**What needs to be done:**
Print the listing below a second time, exactly, and omit its images.

**Supplied information:**
========================
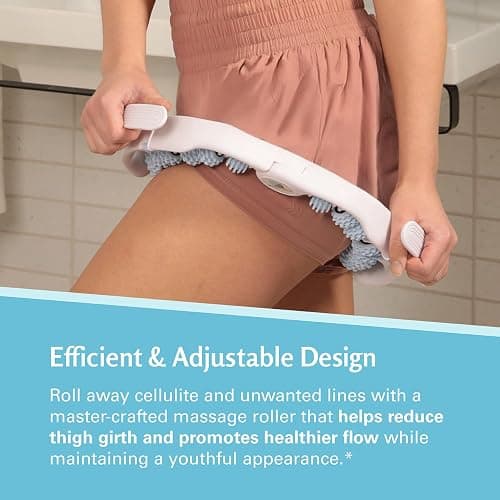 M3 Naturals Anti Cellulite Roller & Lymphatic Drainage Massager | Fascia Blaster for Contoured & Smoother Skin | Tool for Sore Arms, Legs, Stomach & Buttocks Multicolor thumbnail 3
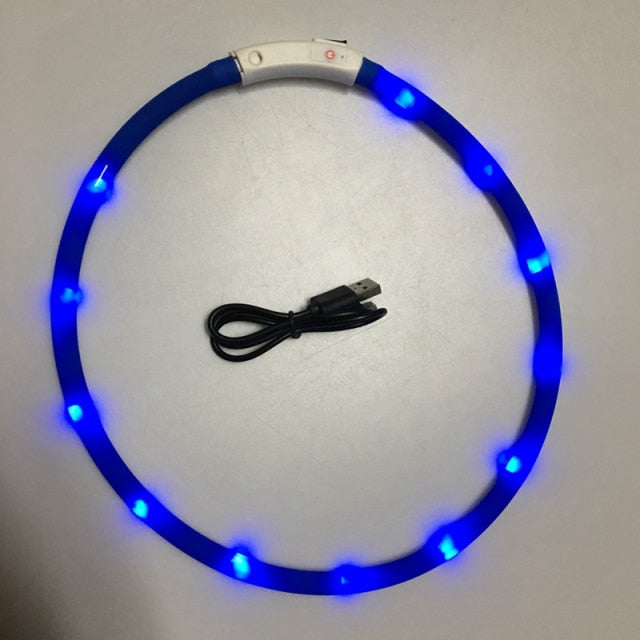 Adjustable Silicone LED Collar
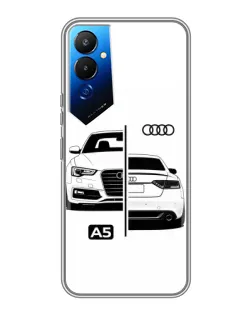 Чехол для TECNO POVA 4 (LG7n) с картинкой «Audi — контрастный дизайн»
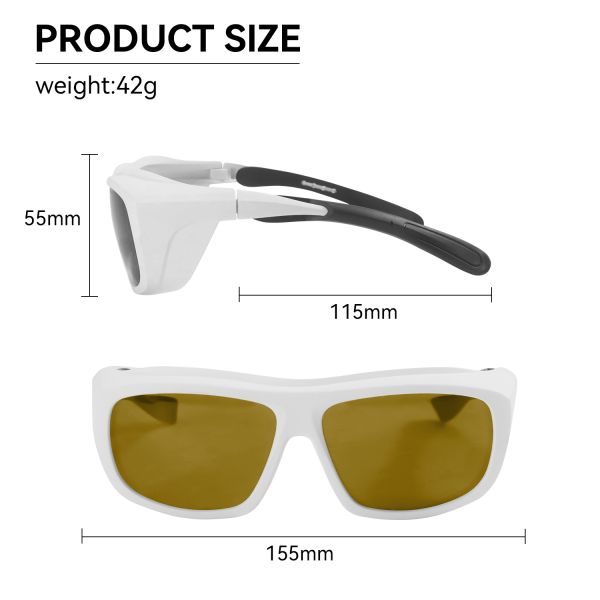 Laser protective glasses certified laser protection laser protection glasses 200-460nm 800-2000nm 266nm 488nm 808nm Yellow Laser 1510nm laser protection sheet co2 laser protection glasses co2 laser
========================
**Answer area:**
 M3 Naturals Anti Cellulite Roller & Lymphatic Drainage Massager | Fascia Blaster for Contoured & Smoother Skin | Tool for Sore Arms, Legs, Stomach & Buttocks Multicolor thumbnail 3
 Adjustable Silicone LED Collar
 Чехол для TECNO POVA 4 (LG7n) с картинкой «Audi — контрастный дизайн»
 Laser protective glasses certified laser protection laser protection glasses 200-460nm 800-2000nm 266nm 488nm 808nm Yellow Laser 1510nm laser protection sheet co2 laser protection glasses co2 laser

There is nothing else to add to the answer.